=== Task item ===
Write the data out in full and word for word. Do not include images.

=== Dataset excerpt ===
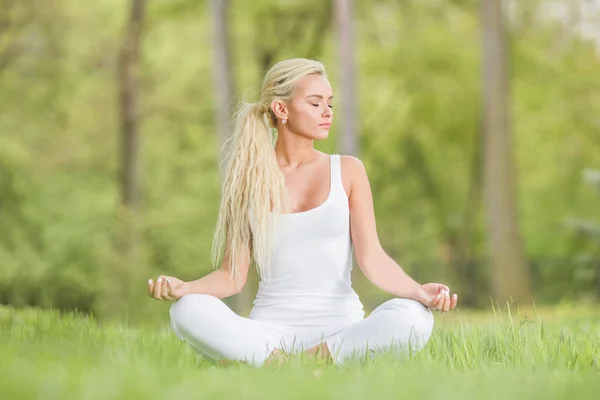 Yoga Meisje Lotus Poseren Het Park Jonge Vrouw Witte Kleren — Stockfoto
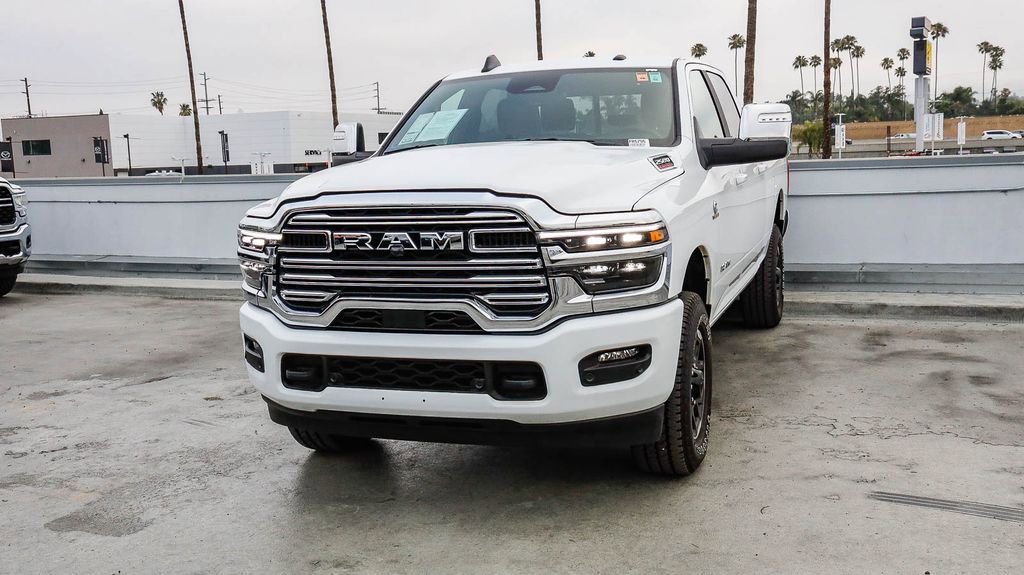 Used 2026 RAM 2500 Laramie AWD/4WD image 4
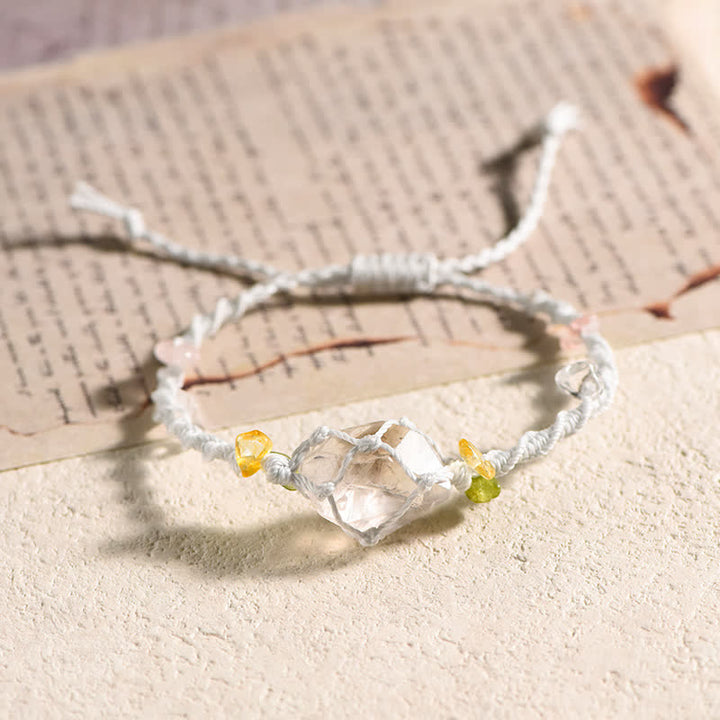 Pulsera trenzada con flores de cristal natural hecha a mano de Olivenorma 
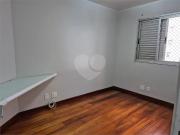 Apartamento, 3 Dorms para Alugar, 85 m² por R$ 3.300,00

=== Exercise solution ===
 Yoga Meisje Lotus Poseren Het Park Jonge Vrouw Witte Kleren — Stockfoto
 Used 2026 RAM 2500 Laramie AWD/4WD image 4
 Pulsera trenzada con flores de cristal natural hecha a mano de Olivenorma 
 Apartamento, 3 Dorms para Alugar, 85 m² por R$ 3.300,00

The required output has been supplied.